Pinyon-Juniper Forests: The Language of Trees
By Will Falk / 2016
After two months of struggling to write anything coherent about pinyon-juniper forests, I was on the verge of giving up. Members of the group I am campaigning with to stop pinyon-juniper deforestation began brainstorming about applying for grants to support the campaign. Many of the grants they discovered required us to demonstrate that pinyon-juniper deforestation harmed wildlife populations, poisoned water supplies, or had a tangible effect on human populations. Thinking that I could support our grant application process with an essay, I sat down many times to write about the countless beings that call pinyon-juniper forests home. But, I never wrote anything worth reading.
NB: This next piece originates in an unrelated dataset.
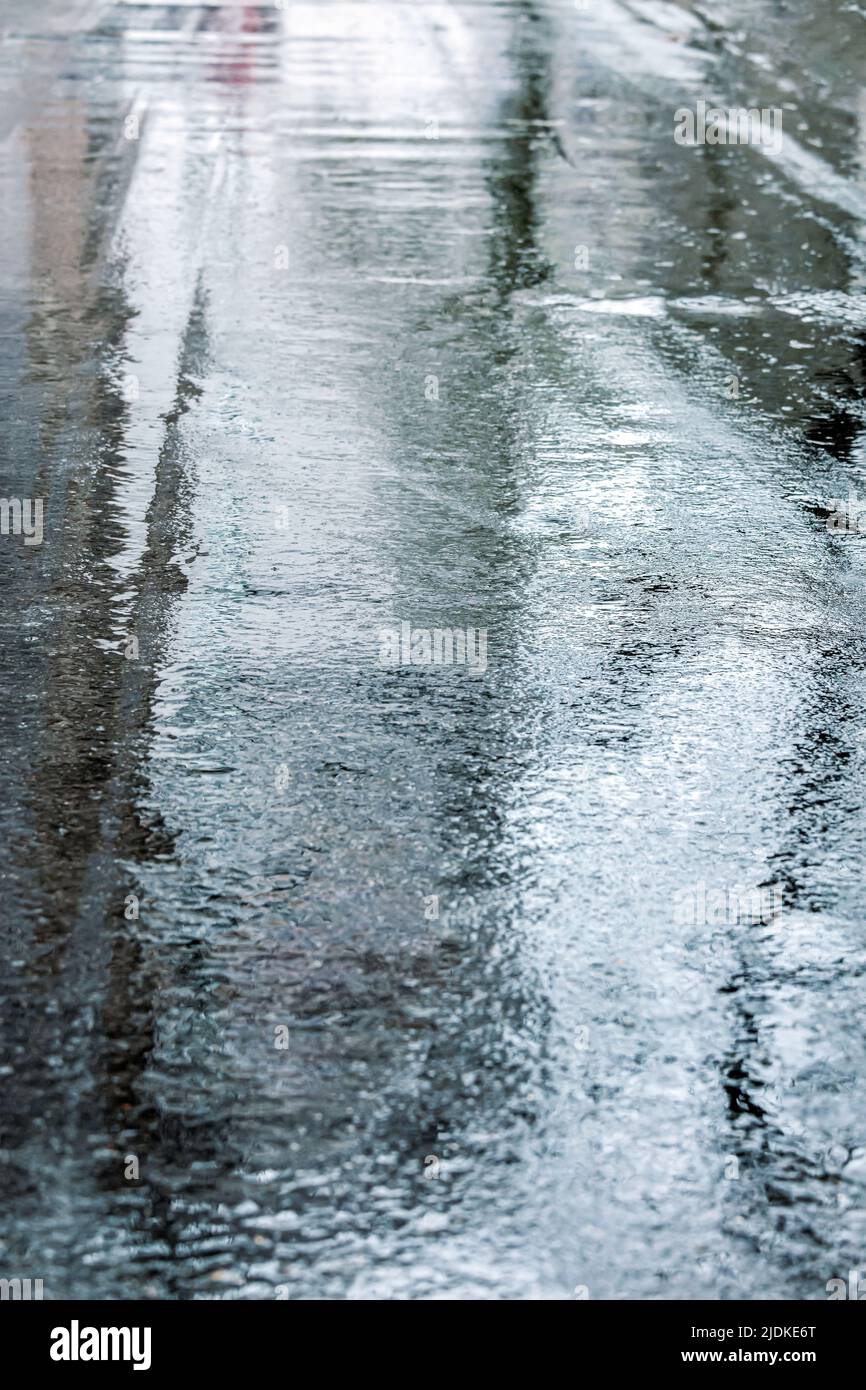 Nasse Asphaltstraße nach Regen mit Reflexen des Himmels. Regnerisches Wetter in der Stadt. Stockfoto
It took me a long time to figure out why. The principles of ecology certainly teach us that countless beings face extinction if their habitats are destroyed. Every species must be fought for especially when 200 species a day on average are going extinct globally. I figured that linking the fate of pinyon-juniper forests to the fates of cute porcupines, for example, would be a good way to build support for the forests. So, I set out to learn about the species living in pinyon-juniper forests with an eye for species that would pique human interest.
I learned that the forests are extremely biodiverse communities with around 450 species of vascular plants living alongside pinyon pines and junipers. Additionally, over 150 vertebrate species of animals including elk, mule deer, and bears call pinyon-juniper forests home either seasonally or throughout the year. Woodlands with juniper trees are bird paradises because the trees offer sites for perching, singing, nesting, and drumming. The trees also yield plentiful berries and house a high insect diversity for birds to eat. Mammals also eat the berries while seeking shelter in hollow juniper trunks, taking advantage of the trees’ shade in hot temperatures and the trees’ thermal cover in cold temperatures.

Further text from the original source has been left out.